Livers and Sampson were charged with murder and booked into the local jail. Sampson’s car was hauled off to impound. Between April 19 and April 27, Douglas County crime lab technicians swabbed the car's door handles, pedals, interior handles, buttons, floors and seats. Initially, they did not locate any blood or DNA evidence in the car. Somebody around the cop shop must have begun to worry about Livers’ confession–a confession that even the state’s expert agreed was almost certainly false. Crime lab technicians went back on May 8 and conducted a second search of Sampson’s car, using a wet swab, and found Wayne Stock’s DNA in the only place in the car that they tested. There. They had convictions sealed.
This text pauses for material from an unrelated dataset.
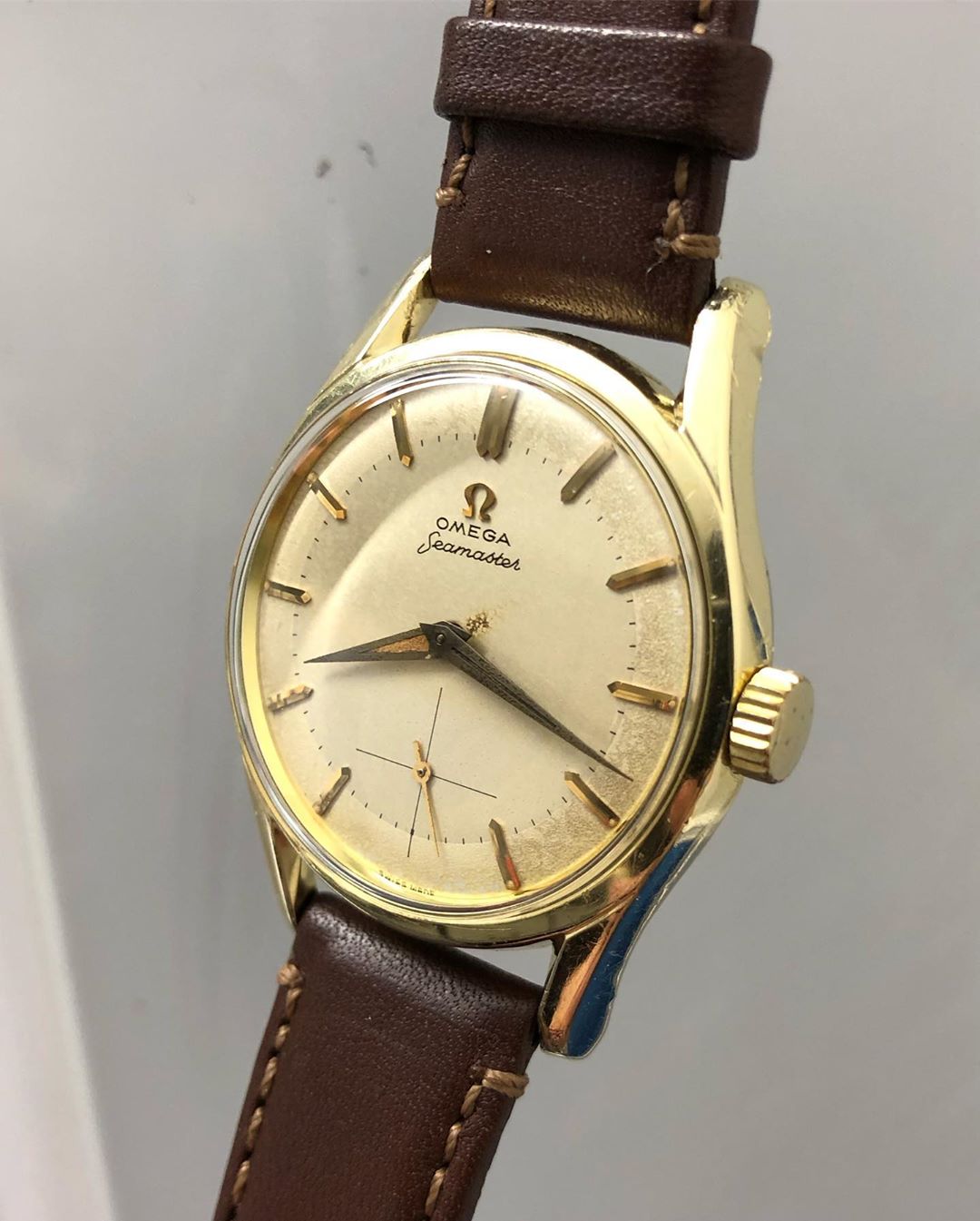 [Omega Seamaster 1959] I literally "won a watch"! r/Watches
A fly dropped into the ointment two months later, however, when a ring found inside the Stock home led investigators to two Wisconsin teens, Gregory Fenster and Jessica Reid. The ring had been left in the car stolen by Fenster and Reid and used in a multi-state crime spree of farmhouse burglaries and car thefts. DNA evidence from the ring and a marijuana pipe also left at the Stock home belonged to Fenster and Reid. Wayne Stock’s DNA was found on Fenster’s shirt and Reid’s shoe, and Reid’s diary detailed the Stock murders. The two confessed but didn’t mention Sampson or Livers.
At first, police insisted Sampson and Livers must have been in on it with Fenster and Reid, but that kite wouldn’t fly. Charges against Sampson were dropped in October. Livers had to wait until December; charges against him were dismissed the day before a hearing that would have closely examined the circumstances of his confession.
On March 19, 2007, Fenster and Reid were sentenced to life in prison; Fenster got an extra 10 to 20 years for use of a weapon to commit a felony.
Cass County Nathan Cox said he has spoken to investigators from Cass County and the Nebraska State Patrol and does not think the blood got there as a result of accidental contamination on their part. Cox also said he has no information to suggest that one of the investigators engaged in misconduct by placing the blood there."If that were true, somebody would be subject to criminal prosecution," Cox said. "Who knows how this blood got there? Law enforcement is still trying to go through that process."
Indeed, somebody should be subject to criminal prosecution, because the only reasonable explanation for the presence of Wayne Stock’s blood in Nicholas Sampson’s car is that it was planted.
They got caught this time, the cops who badgered a retarded man into confessing to a crime he didn’t commit and implicating his cousin, and the crime lab technicians who planted DNA evidence to complete the frame-up of an innocent man. How many times do they get away with it?